Zur gewünschten Altersteilzeit von zwei Beigeordneten der Kreisstadt Unna, erläuterte die Fraktionsvorsitzende Charlotte Kunert die Bedenken der grünen Fraktion mit folgendem Wortbeitrag:


Sehr geehrter Herr Bürgermeister, sehr geehrte Damen und Herren,

Beigeordnete werden vom Rat für die Dauer von 8 Jahren gewählt.
Der Gesetzgeber hat sich hierbei etwas gedacht: Einerseits sind sie als Beamte der Kommune zu besonderer Loyalität verpflichtet, andererseits gibt der festgelegte Zeitraum Sicherheit über personelle Kontinuität an der Verwaltungsspitze.
Der geforderten Loyalität und der verantwortungsvollen Aufgabe wird ja schließlich auch über die Besoldungsstufe Rechnung getragen.
Den Menschen zu sagen, das ist jetzt alles egal, die Beigeordneten haben für sich einen neuen Lebensentwurf entwickelt, halten wir für ein fatales Signal.
Wie wirkt das auf die Menschen, die Monat für Monat um ihren Job bangen?
Nicht immer kann man oder Frau alle Menschen gleich behandeln.
Wir wollen jedoch, dass die Menschen das Gefühl haben, es ist gerecht, was sich die Verwaltungsspitze überlegt hat. Und das ist es nicht.
Wenn ich mich über acht Jahre für eine Aufgabe wählen lasse und dafür überaus angemessen entlohnt werde, stelle ich mich der Aufgabe. Wenn ich krank bin, gehe ich zum Arzt.
Das sind die Maßstäbe, an denen wir uns messen lassen müssen. Sonst entfernen wir uns so weit vom Gerechtigkeitsgefühl der Menschen, wie es uns die Vorstände von Großunternehmen täglich vormachen. Das sollte für uns kein Beispiel sein.

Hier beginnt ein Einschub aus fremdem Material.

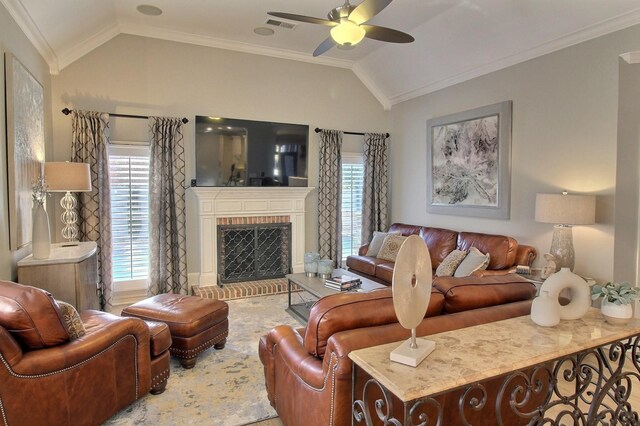 living room with crown molding, a fireplace, and vaulted ceiling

Zusätzlich problematisch ist, dass bei der geplanten Variante der alte Rat für den neuen beschließt – und aufgrund der gemachten Erfahrungen damit zu rechnen ist, dass sich bei den aktuellen Mehrheitsverhältnissen CDU und SPD die Pöstchen in trauter Einigkeit untereinander aufteilen. Der neue Rat muss dann mit den vom alten Rat gewählten Spitzenbeamten umgehen. Das ist alles andere als fair – auch nicht für die neuen Beigeordneten.